• Instructions to follow:
After locating the line that contains "Girls Cotton Modal" in the records below, write out exactly that line and each line after it through the one that contains "Fin Soda - Lemon", and nothing else.
┄┄┄┄┄┄┄┄┄┄
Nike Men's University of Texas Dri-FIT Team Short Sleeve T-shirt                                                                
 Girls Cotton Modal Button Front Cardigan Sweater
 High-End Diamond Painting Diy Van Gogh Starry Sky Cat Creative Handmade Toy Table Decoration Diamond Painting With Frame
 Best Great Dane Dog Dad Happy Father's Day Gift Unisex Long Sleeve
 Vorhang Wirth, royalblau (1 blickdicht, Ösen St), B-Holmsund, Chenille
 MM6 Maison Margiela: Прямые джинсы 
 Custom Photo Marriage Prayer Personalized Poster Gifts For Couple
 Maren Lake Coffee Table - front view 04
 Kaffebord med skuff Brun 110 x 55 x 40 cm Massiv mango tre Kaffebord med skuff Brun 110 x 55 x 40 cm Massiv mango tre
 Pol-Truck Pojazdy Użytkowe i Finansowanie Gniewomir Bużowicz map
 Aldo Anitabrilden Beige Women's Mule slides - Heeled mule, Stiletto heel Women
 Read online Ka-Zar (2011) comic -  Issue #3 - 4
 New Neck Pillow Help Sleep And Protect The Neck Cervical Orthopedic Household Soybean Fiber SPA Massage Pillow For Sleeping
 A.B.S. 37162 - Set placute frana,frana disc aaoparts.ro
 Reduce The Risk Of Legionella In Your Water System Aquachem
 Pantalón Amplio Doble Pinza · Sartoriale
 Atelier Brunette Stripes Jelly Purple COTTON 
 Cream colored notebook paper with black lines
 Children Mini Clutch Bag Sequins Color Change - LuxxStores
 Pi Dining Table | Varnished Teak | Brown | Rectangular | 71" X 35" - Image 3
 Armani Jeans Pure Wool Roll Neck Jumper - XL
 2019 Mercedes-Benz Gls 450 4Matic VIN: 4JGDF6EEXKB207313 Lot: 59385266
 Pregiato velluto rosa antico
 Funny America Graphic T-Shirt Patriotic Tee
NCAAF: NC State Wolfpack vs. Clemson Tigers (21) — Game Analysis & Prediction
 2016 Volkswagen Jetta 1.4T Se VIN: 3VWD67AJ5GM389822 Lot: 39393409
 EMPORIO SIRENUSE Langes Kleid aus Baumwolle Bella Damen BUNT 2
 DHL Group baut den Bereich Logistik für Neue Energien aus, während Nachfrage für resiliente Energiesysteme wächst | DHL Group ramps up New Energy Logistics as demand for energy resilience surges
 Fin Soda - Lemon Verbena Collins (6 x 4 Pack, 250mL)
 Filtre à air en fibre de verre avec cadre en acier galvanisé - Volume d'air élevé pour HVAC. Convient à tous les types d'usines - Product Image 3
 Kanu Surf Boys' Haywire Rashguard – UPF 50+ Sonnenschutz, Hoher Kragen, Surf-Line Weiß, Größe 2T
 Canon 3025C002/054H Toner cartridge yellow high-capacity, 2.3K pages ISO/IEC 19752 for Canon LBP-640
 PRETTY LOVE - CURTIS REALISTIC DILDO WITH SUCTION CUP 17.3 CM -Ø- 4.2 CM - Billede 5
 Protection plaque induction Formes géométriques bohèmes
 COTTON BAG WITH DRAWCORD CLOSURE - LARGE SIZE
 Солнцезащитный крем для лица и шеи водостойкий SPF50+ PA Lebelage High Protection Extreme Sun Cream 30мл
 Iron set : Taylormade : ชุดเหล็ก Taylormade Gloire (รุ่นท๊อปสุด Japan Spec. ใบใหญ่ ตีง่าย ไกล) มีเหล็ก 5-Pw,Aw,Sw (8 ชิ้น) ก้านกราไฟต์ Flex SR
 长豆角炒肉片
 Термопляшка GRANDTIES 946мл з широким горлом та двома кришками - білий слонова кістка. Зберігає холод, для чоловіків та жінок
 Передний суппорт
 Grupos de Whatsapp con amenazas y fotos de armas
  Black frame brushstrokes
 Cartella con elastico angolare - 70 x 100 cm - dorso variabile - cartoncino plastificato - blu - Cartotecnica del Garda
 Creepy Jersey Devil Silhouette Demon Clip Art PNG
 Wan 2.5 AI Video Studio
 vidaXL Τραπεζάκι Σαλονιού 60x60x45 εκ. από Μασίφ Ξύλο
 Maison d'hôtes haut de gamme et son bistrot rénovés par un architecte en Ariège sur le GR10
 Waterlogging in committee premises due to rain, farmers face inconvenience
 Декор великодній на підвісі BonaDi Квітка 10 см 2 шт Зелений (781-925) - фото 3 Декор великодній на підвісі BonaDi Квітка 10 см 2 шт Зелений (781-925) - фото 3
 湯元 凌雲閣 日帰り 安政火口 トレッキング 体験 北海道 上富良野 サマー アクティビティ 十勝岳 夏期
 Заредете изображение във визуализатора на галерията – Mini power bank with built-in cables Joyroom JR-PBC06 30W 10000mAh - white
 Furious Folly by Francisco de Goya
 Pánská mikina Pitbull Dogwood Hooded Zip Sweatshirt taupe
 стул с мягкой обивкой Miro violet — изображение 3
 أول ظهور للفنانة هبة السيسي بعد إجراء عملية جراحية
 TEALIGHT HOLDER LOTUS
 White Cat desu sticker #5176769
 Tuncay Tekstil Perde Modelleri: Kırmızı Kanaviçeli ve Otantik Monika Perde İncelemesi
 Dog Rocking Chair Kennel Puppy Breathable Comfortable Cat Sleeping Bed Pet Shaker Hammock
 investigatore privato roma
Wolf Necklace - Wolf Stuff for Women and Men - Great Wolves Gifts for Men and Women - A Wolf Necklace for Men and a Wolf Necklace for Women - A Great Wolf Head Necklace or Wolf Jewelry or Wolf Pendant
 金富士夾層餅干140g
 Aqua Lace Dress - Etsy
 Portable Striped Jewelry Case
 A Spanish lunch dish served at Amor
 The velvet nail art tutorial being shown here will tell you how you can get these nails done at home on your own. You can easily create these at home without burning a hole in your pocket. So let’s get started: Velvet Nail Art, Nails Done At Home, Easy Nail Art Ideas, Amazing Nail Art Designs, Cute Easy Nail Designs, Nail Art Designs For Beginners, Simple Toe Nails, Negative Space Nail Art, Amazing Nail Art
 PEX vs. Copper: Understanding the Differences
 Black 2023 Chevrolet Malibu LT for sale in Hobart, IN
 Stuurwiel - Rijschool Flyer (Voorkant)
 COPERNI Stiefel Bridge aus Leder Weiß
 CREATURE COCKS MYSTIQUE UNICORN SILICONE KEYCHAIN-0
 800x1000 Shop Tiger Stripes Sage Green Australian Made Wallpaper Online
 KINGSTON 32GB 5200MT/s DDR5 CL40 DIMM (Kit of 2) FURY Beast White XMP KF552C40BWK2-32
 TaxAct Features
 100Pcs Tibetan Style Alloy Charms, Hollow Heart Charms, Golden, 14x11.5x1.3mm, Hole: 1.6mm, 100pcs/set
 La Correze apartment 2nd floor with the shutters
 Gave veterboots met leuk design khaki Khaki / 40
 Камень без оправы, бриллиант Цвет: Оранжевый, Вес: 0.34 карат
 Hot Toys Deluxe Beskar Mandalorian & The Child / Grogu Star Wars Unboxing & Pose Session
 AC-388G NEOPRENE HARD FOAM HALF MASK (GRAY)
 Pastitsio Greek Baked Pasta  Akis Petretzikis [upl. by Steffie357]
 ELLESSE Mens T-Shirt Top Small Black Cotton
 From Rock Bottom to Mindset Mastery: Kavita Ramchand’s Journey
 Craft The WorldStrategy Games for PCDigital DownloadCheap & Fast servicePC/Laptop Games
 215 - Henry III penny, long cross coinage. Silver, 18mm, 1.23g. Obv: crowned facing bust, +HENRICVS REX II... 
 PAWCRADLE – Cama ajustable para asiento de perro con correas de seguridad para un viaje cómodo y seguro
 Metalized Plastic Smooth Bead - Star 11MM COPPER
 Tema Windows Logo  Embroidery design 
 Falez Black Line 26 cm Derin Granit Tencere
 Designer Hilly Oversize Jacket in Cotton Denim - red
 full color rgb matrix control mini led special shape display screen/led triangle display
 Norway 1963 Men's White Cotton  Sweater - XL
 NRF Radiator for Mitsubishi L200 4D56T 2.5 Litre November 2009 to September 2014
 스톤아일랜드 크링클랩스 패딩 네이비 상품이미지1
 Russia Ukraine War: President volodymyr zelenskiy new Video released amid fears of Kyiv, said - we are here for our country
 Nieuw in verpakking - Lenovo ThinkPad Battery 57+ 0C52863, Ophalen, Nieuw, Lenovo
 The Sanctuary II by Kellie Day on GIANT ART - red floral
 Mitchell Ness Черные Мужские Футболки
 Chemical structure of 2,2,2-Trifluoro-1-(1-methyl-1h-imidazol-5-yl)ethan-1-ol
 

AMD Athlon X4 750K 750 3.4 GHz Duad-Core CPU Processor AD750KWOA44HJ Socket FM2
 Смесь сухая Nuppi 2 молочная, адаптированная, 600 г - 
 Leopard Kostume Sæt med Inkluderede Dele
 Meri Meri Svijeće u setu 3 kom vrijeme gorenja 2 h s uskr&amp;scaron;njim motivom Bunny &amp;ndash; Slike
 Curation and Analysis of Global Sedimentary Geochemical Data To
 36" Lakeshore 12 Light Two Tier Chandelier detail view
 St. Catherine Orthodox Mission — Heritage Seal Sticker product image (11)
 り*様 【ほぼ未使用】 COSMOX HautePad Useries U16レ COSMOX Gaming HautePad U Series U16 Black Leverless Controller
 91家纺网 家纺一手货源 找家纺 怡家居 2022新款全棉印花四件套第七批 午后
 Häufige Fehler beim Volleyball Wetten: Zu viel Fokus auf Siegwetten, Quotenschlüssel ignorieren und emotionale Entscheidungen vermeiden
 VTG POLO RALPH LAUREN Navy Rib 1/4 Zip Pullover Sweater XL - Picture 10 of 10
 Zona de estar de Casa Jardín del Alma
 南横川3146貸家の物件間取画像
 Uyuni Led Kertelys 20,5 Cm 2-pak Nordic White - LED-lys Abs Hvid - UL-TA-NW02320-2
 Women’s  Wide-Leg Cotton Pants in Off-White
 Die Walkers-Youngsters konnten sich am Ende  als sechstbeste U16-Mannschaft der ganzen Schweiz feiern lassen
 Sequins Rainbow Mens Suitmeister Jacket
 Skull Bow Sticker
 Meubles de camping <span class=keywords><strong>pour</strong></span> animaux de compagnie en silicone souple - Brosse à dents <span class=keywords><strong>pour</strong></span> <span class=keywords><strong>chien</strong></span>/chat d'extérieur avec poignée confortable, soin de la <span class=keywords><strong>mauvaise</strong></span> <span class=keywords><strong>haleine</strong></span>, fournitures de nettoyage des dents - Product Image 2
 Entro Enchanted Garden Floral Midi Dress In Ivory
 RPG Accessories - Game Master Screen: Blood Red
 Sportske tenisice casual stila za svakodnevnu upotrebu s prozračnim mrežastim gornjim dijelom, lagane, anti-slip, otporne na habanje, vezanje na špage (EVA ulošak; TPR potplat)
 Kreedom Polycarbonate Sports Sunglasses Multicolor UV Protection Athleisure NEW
┄┄┄┄┄┄┄┄┄┄
• Written answer:
 Girls Cotton Modal Button Front Cardigan Sweater
 High-End Diamond Painting Diy Van Gogh Starry Sky Cat Creative Handmade Toy Table Decoration Diamond Painting With Frame
 Best Great Dane Dog Dad Happy Father's Day Gift Unisex Long Sleeve
 Vorhang Wirth, royalblau (1 blickdicht, Ösen St), B-Holmsund, Chenille
 MM6 Maison Margiela: Прямые джинсы 
 Custom Photo Marriage Prayer Personalized Poster Gifts For Couple
 Maren Lake Coffee Table - front view 04
 Kaffebord med skuff Brun 110 x 55 x 40 cm Massiv mango tre Kaffebord med skuff Brun 110 x 55 x 40 cm Massiv mango tre
 Pol-Truck Pojazdy Użytkowe i Finansowanie Gniewomir Bużowicz map
 Aldo Anitabrilden Beige Women's Mule slides - Heeled mule, Stiletto heel Women
 Read online Ka-Zar (2011) comic -  Issue #3 - 4
 New Neck Pillow Help Sleep And Protect The Neck Cervical Orthopedic Household Soybean Fiber SPA Massage Pillow For Sleeping
 A.B.S. 37162 - Set placute frana,frana disc aaoparts.ro
 Reduce The Risk Of Legionella In Your Water System Aquachem
 Pantalón Amplio Doble Pinza · Sartoriale
 Atelier Brunette Stripes Jelly Purple COTTON 
 Cream colored notebook paper with black lines
 Children Mini Clutch Bag Sequins Color Change - LuxxStores
 Pi Dining Table | Varnished Teak | Brown | Rectangular | 71" X 35" - Image 3
 Armani Jeans Pure Wool Roll Neck Jumper - XL
 2019 Mercedes-Benz Gls 450 4Matic VIN: 4JGDF6EEXKB207313 Lot: 59385266
 Pregiato velluto rosa antico
 Funny America Graphic T-Shirt Patriotic Tee
NCAAF: NC State Wolfpack vs. Clemson Tigers (21) — Game Analysis & Prediction
 2016 Volkswagen Jetta 1.4T Se VIN: 3VWD67AJ5GM389822 Lot: 39393409
 EMPORIO SIRENUSE Langes Kleid aus Baumwolle Bella Damen BUNT 2
 DHL Group baut den Bereich Logistik für Neue Energien aus, während Nachfrage für resiliente Energiesysteme wächst | DHL Group ramps up New Energy Logistics as demand for energy resilience surges
 Fin Soda - Lemon Verbena Collins (6 x 4 Pack, 250mL)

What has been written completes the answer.